— TASK DIRECTIONS —
Starting at the line with "Group of people", copy each line through the last one below exactly as written, without any pictures.

— STORED DATA —
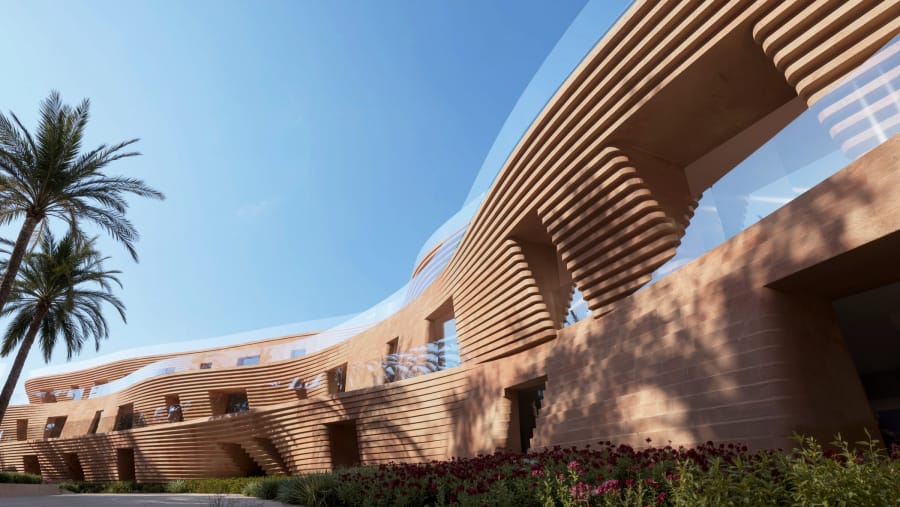 Layered terracotta facades within Mira Coral Bay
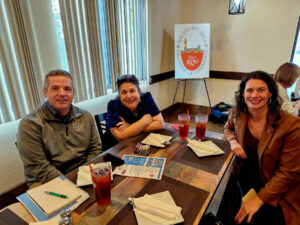 Group of people sitting around a table having lunch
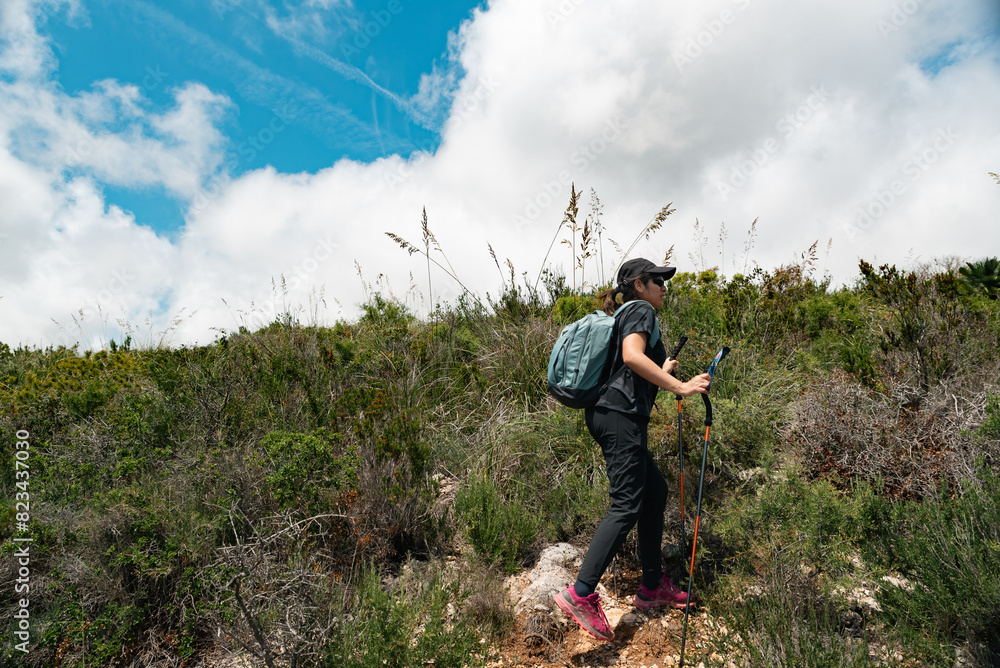 Obraz premium Woman hiker walking on a scenic mountain trail under a blue sky with clouds.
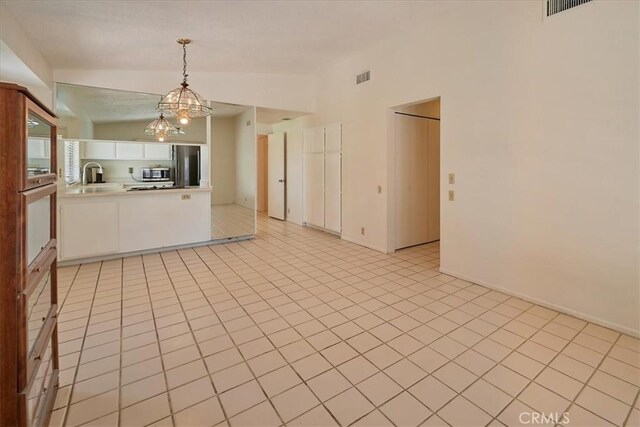 kitchen featuring appliances with stainless steel finishes, pendant lighting, lofted ceiling, sink, and white cabinets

— ANSWER TO THIS EXERCISE —
 Group of people sitting around a table having lunch
 Obraz premium Woman hiker walking on a scenic mountain trail under a blue sky with clouds.
 kitchen featuring appliances with stainless steel finishes, pendant lighting, lofted ceiling, sink, and white cabinets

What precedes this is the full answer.